If Michigan loses to Michigan State does your confidence in the direction that the program is heading change?
I was thinking about how important this game is for Michigan this Saturday against MSU. Not only is this game important in regards to Michigan winning the Legends division, but also a measuring stick in the progress that Hoke has made since being hired. This is Hoke's third season at Michigan and historically a good coach at a school like Michigan that has tradition, great facilities, and deep pockets is enough time to build a super power. That being said it is not like Hoke walked into a perfect scenario. The team he inherited lacked depth up front and was built to run a system that didn't match what coach Hoke wanted to implement. It looks like Hoke has finally been able to build some depth up front, but the players are young and raw. Personally, I think the program is heading in the right direction. Dave Brandon should allow Hoke to coach for the duration of his contract as long as Michigan wins 9 games and is competitive with MSU and OSU. Now in year five if Michigan has not won a Big Ten championship then it will be time to look for another coach.
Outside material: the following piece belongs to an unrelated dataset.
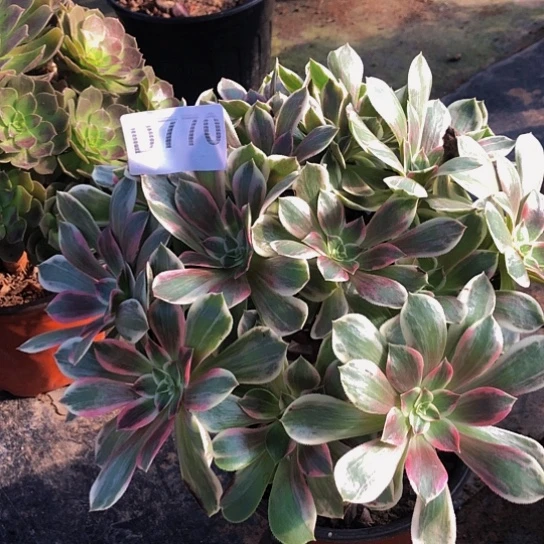 法多肉植物幻莎770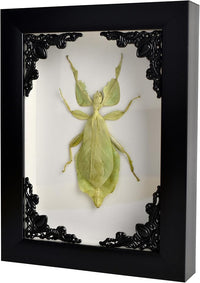 Tarantula or Leaf Insect in Gothic Shadow Box Frame | Mexican Gothic Taxidermy | Witch & Halloween Décor for Bedroom | Goth Home Décor (Leaf Insect)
The team will be loaded with talent and experience in 2016 for a new coach to step in and succeed immediately.
October 29th, 2013 at 2:48 PM ^
I've read many of your posts and really appreciate your viewpoint. but to use a basketball analogy. Trey Burke was great at driving the lane and making contested layups (call this man ball); against most anyone. However, if I'm playing against a great 7 ft shotblocker (call this playing 9 men in the box), I'm not going to have Trey keep driving for layups to continually see his shot swatted into the 5th row. I might have him drive, pull the D, the kick it out to open guy (like a play action pass or quick screen). as bad as we run out of the I-form, i don't advocate abandoning it. but 25 times with no success is like having 20 shots blocked. the psu game was a horrible strategy. i really don't understand how anyone can see past that. the IU game was a much better mix, and i give borges credit. but he crapped the bed against psu.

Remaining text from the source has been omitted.